As most of you know I’ve been thinking for a very long time about getting this site off of WordPress and the photoblog off of Pixelpost, and getting both away from a VPS I manage. Once the decision to jump was made, the problem became one of migration, and it wasn’t easy: this site is over 10 years old and consists of ~3,000 posts, and the photoblog is a different animal entirely.
Add to that some anal-retentive obsessiveness and you get many marathon hacking binges during which you lose sight of all that’s good in the world and sometimes forget that you’re human and probably should get up and pee.
This write-up is meant to be kind of an overview of certain things I had to deal with during the migration, and how I came to decide on certain aspects of the system, etc. As with most of the more technical posts on this site, it’s documentation and reference for me as much as it is for anyone who might stumble across it.
Why Jekyll and not Octopress?
Octopress is a framework that sits on top of Jekyll, and so if the goal was for me to reduce complications and dependencies to a bare minimum, then it was a no-brainer that I would just have to bite the bullet and go with Jekyll–one less thing to worry about in the long run.
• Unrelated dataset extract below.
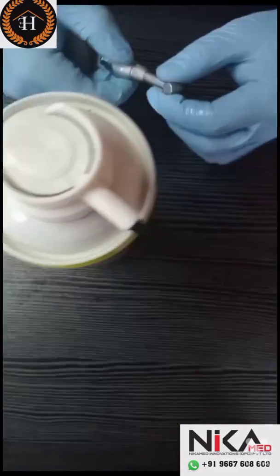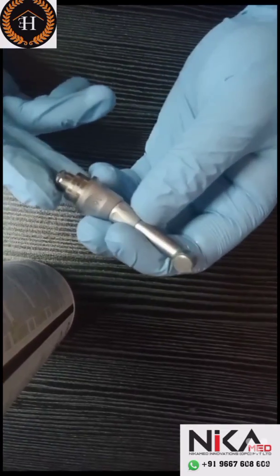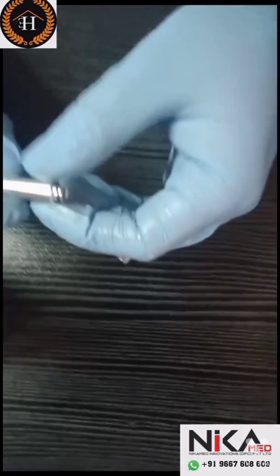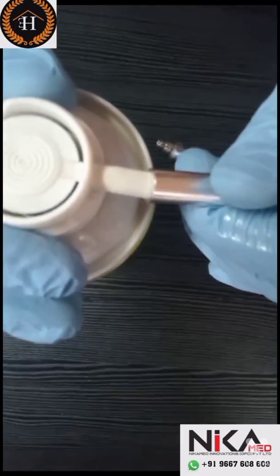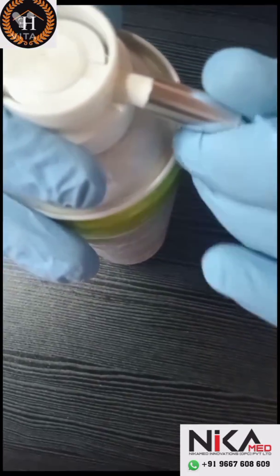Now we are going to demonstrate how to lubricate the endomotor handpiece. This is an X-smart contra-angle handpiece. We have to choose the correct nozzle first. This is an F-type nozzle with O-ring with an internal thread to prevent leakage. Fix the nozzle on the oil bottle and push and rotate clockwise 2-3 times.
I knew it’d be a bit more work up front, but I figured it was probably worth it in the end, and after slogging fully through the migration I’m pretty sure I made the right decision.
(Given that Octopress is kind of just a wrapper around Jekyll, and that its underlying blog source files must conform to formats Jekyll requires, most of the earlier work I did in the WordPress→Octopress migration was easily ported over to the Jekyll installation.)
Why Jekyll and not Squarespace?
Believe or not, I got damn near everything up and running on Squarespace, designed the blog and photoblog using the TDK, and actually, for the past few months, was publishing to Squarespace (privately) everything I was publishing to WordPress and Pixelpost. I threw a lot of time at it.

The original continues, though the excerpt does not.